**Task brief**
Include no pictures. Output exactly the lines from the one that contains "Add some crumbled" through the final line of the entries.
** Data to examine follows **
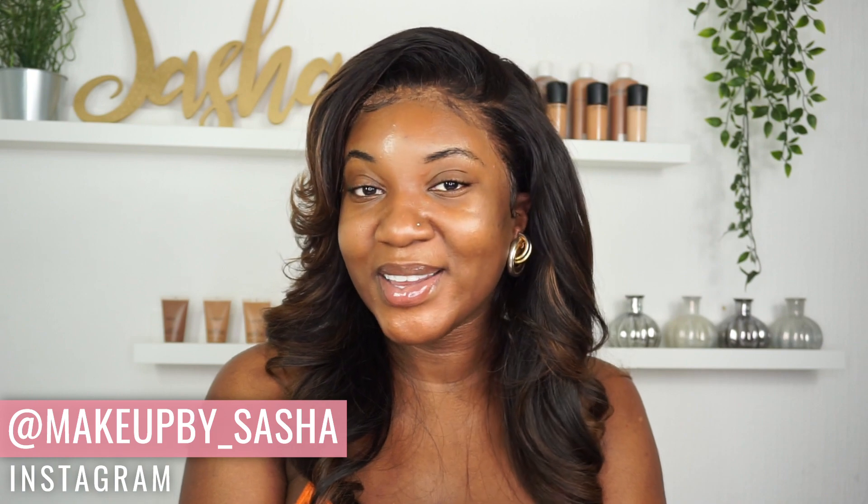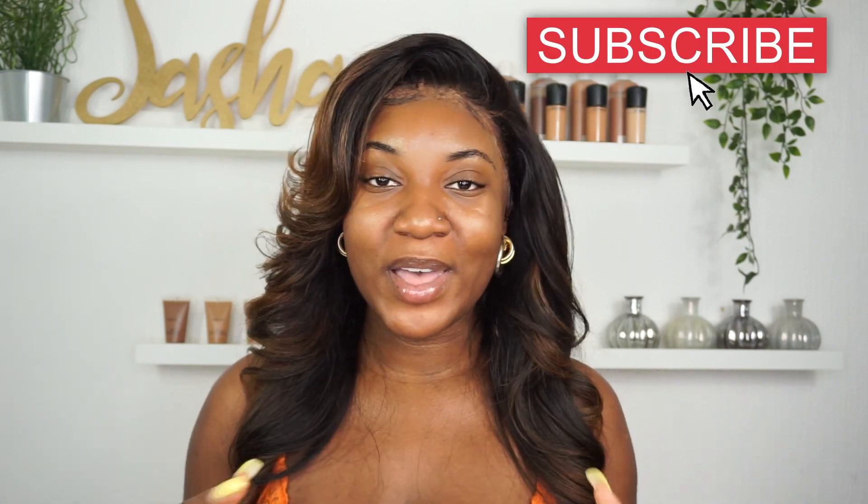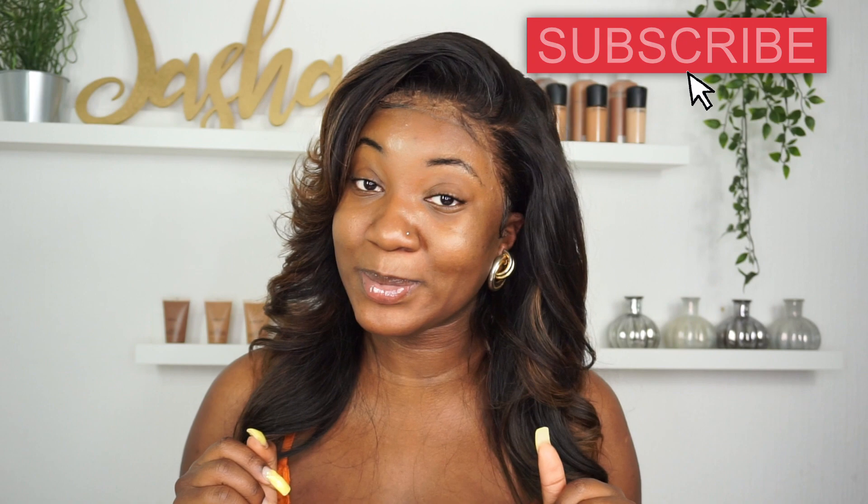Hey guys, welcome back to my channel, and hey if you are new. So today I'll be doing a review on the Jacqueline Hill eyeshadow palette. I've seen this palette a lot on YouTube and I know I'm super late, but I'm not the kind of type to just go out and buy whatever's popular because that's how you waste money. I always kind of wait and see if people actually really do love the product and they're not just raving about it because it's new. I like to give it a little bit of time so I can really see what people think about the palette.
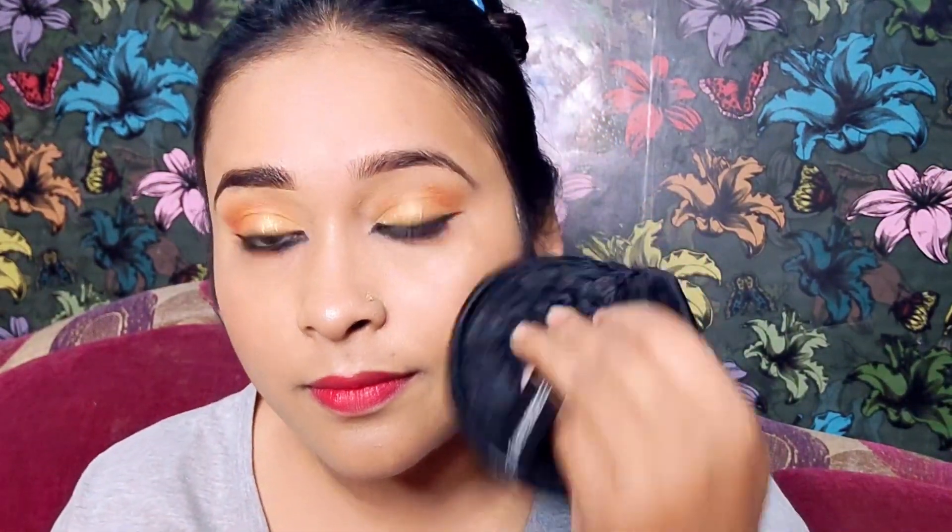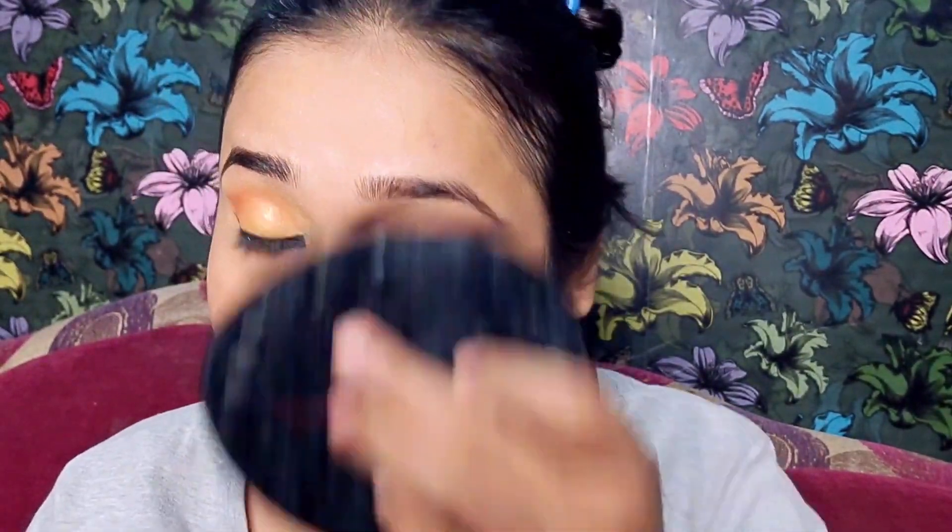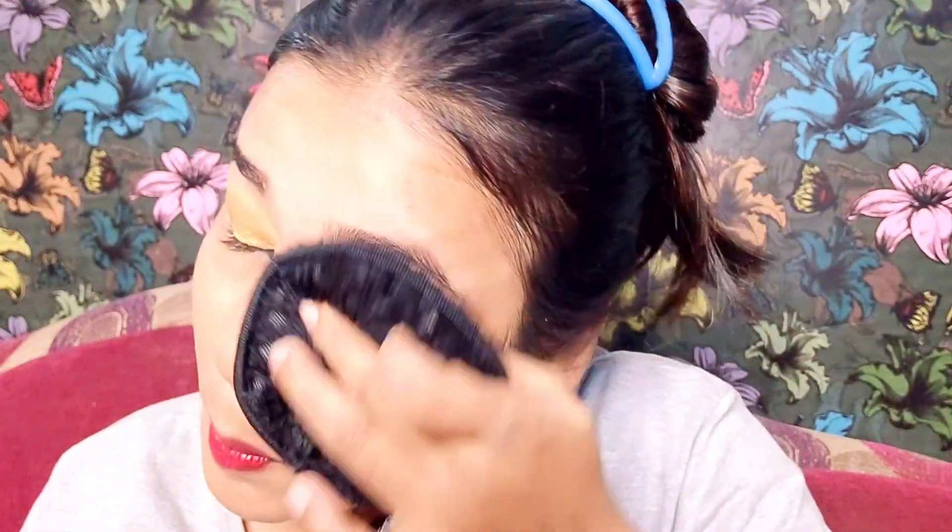I have simply dipped it in water and squeezed out the excess water, and then I am removing my makeup. As you can see, I am removing my makeup — I have just dipped it in the water and I am using it to remove everything.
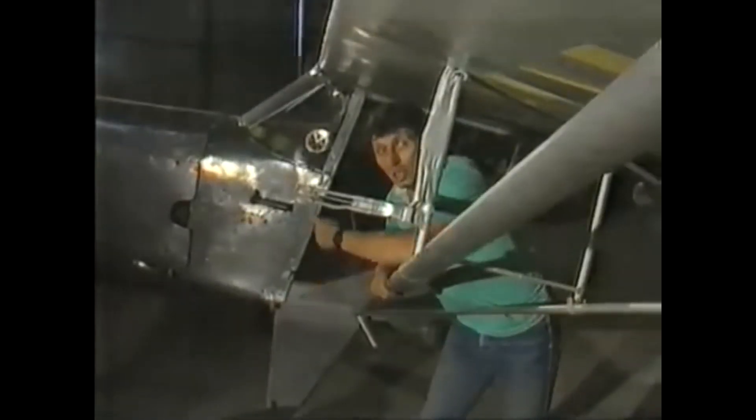Two metal tubes, a flat plate between them, a funny-looking lever — all attached to the wing of an old-fashioned plane. What is it and what does it do? It's a pitot tube on a single-engine Auster plane, and a very important instrument indeed.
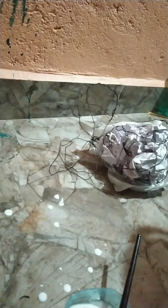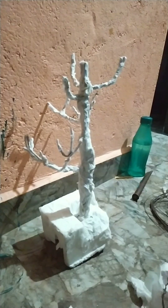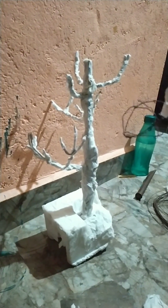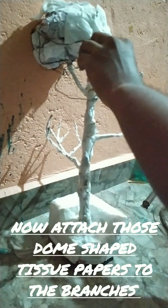Add some crumbled papers in and cover it with the tissue papers. Now attach those dome-shaped tissue papers to the branches.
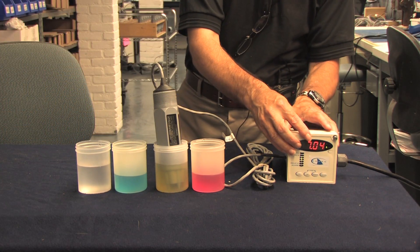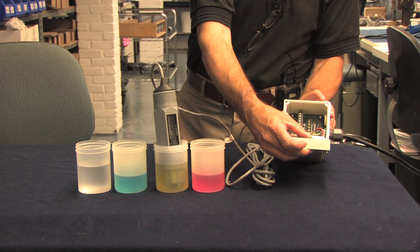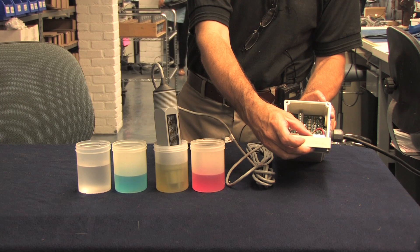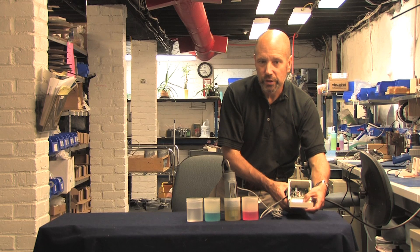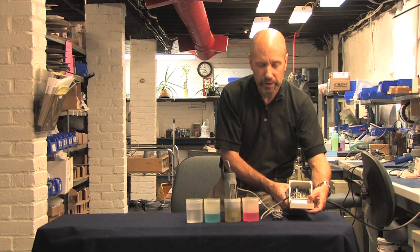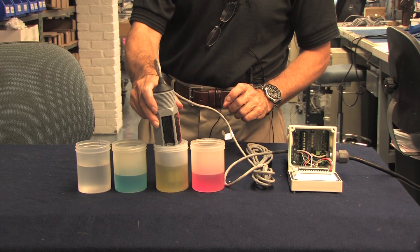We're going to flip down the cover and cycle through the available menus. The fourth menu is titled Diagnostics, and that's what you want. We'll hit the left-right button to bring it up and scroll down until we get to a third item called Sensor Input. Press the left-right button again and you're set to go. Let's start off by putting the probe in pH 7 buffer solution.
** End of Data to examine **
**Response**
Add some crumbled papers in and cover it with the tissue papers. Now attach those dome-shaped tissue papers to the branches.
We're going to flip down the cover and cycle through the available menus. The fourth menu is titled Diagnostics, and that's what you want. We'll hit the left-right button to bring it up and scroll down until we get to a third item called Sensor Input. Press the left-right button again and you're set to go. Let's start off by putting the probe in pH 7 buffer solution.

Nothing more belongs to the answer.